Feuer und Wasser, das sind die beiden Pole, die sich im Grunde immer ausgeschlossen haben. Das eine Element ist der Feind des anderen, größer können Gegensätze nicht sein. Was für eine Ausgangslage für einen Animationsfilm aus dem Hause Pixar! Dort liebt man schon immer die gehaltvolle, metaphernschwere Unterhaltung, bei der der Lerneffekt gar nicht auffällt, sondern der Spaß im Vordergrund steht. Und natürlich auch große Gefühle. Man wäre verleitet, im Fall des neuen Pixar-Films “Elemental” Phrasen wie “Nahe am Wasser gebaut” oder “Wie Feuer und Wasser” zu verwenden, so aufgelegt wären derlei Redewendungen in Hinblick auf den Plot des Films.

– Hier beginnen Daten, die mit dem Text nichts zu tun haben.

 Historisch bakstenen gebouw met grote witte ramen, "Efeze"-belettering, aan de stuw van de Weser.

Zu Besuch bei den Elementen
“Elemental” spielt in Element City, wo sonst? Dort leben Wesen, die sich aus einem der vier Elemente zusammensetzen, also aus Wasser oder Feuer oder Erde oder Luft. Gegensätze sind vorprogrammiert, und diese ziehen sich ja bekanntlich magisch an. Wobei: Das Feuermädchen Ember und der Wasserbub Wade können zu Beginn noch nicht sehr viel miteinander anfangen – schließlich sind sie eigentlich das Gegenteil voneinander. Doch dann verbringen die beiden immer mehr Zeit zusammen und finden heraus, dass sie doch nicht so viel trennt, wie man gemeinhin denken könnte. Und auch, dass es um mehr geht als Freundschaft – hier sprühen im wahrsten Sinn des Wortes die Funken. Er, der Bub aus kulturinteressiertem Hause, sie das Mädchen armer Zuwanderer – auch diese scheinbar unüberbrückbaren Klassenunterschiede nivelliert der Film bald und in typisch gewitzter Pixar-Manier.

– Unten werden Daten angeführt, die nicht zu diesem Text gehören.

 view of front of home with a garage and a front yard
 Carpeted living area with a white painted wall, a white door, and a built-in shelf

Hinter all dem steckt natürlich ein ernster Gedanke, denn “Elemental” ist eine Parabel über Migration und ihre Folgen, über die Sehnsucht, dazuzugehören und die Realität, ganz schön allein im Leben zu stehen. Gegenpole werden hier plakativ von Widersachern zu Freunden und wieder zurück; der Film bildet jede Menge klassischer Klischees über Fremde und über das Unbekannte ab, um sie einerseits zu bemühen, andererseits auszuhebeln und neu zu denken. Das macht er in ziemlich schlauer Manier, weil er für die vielen Situationen, in denen Feuer und Wasser hier aneinandergeraten, so unglaublich viele visuelle Einfälle hat, dass es einem schwerfällt, sie treffend zu beschreiben.

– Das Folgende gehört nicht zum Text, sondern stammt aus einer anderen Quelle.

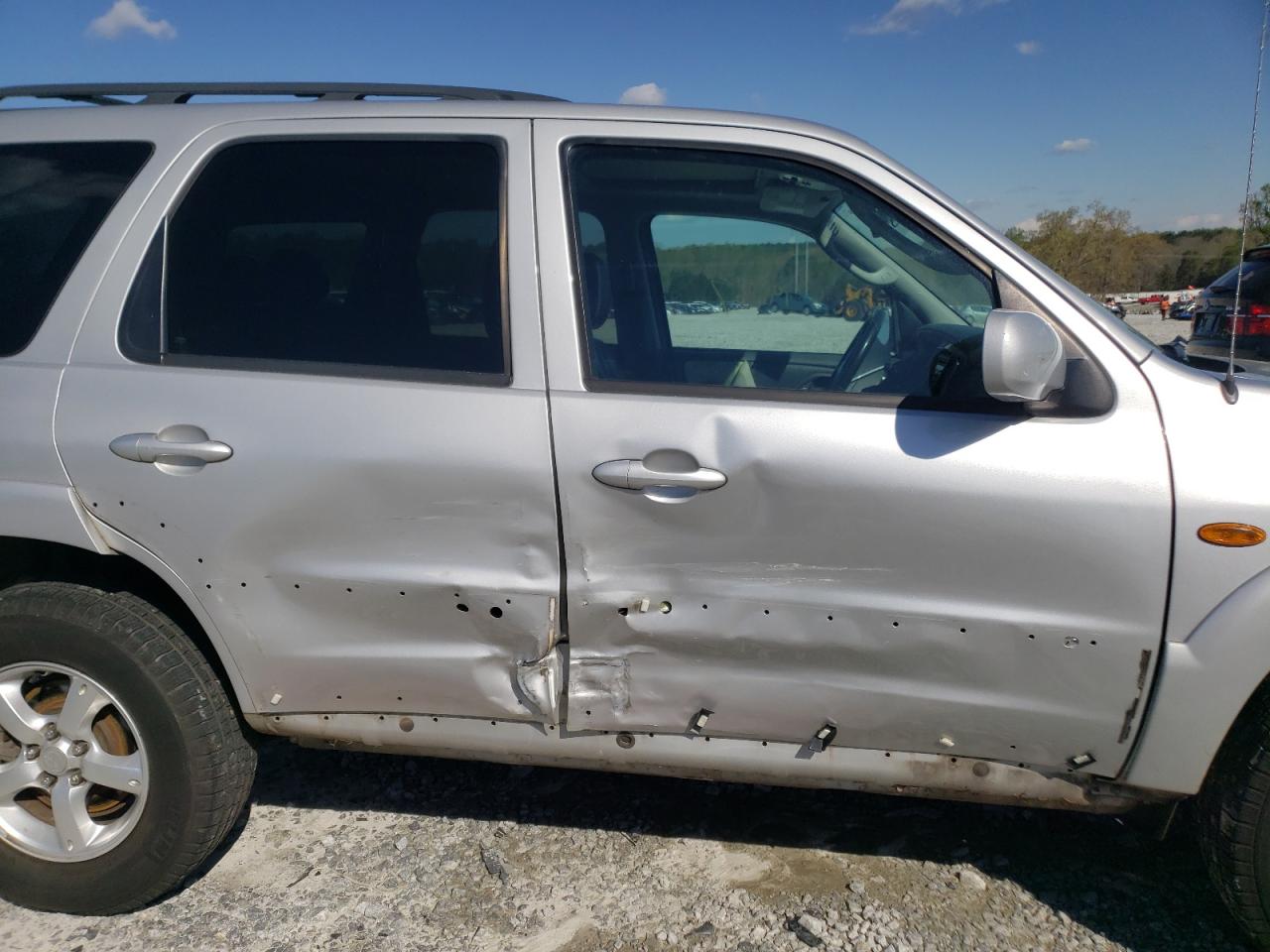 Photo 9 from auction – 2005 MAZDA TRIBUTE S with VIN 4F2CZ06105KM00235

Metaphern und der persönliche Blick
“Elemental” ist dank seiner Machart und der ausgeklügelten Dramaturgie auch in der Welt der Filmkunst angekommen. So war er heuer etwa der Abschlussfilm des Filmfestivals in Cannes, wo Animationsfilme eher selten zum Teil der offiziellen Auswahl gehören. Aber Pixar schafft das immer wieder. Das liegt am Ende sicherlich auch daran, dass der Film sich nicht bloß seelenlos von einer Metapher zur nächsten hangelt und dabei den moralischen Zeigefinger schwingt, auf dass wir alle bessere Menschen werden; nein, bei Pixar muss die Geschichte immer auch eine persönliche Komponente aufweisen. Regisseur Peter Sohn ist beispielsweise als Flüchtlingskind in die USA gekommen. Sein Vater war 1971 mit 150 Dollar in der Tasche vor der südkoreanischen Diktatur nach New York geflohen. Dort verkaufte er Brezel an einem fahrbaren Stand, legte jeden Penny auf die Seite, um später einmal ein richtiges Geschäft eröffnen zu können. Das hat Peter Sohn geprägt; es hat ihn gelehrt, unter welchen fundamentalen Entbehrungen Menschen aufwachsen können. Es hat ihm gezeigt, wie es ist, ein Außenseiter, ein Fremder zu sein. Im Grunde war seine Jugend die ideale Vorbereitung auf “Elemental”, und das merkt man diesem Film auch an. Das Herzblut, dass Sohn in den von John Hoberg und Kat Likkel geschriebenen Film gelegt hat, zeichnet ihn aus. Und Pixar.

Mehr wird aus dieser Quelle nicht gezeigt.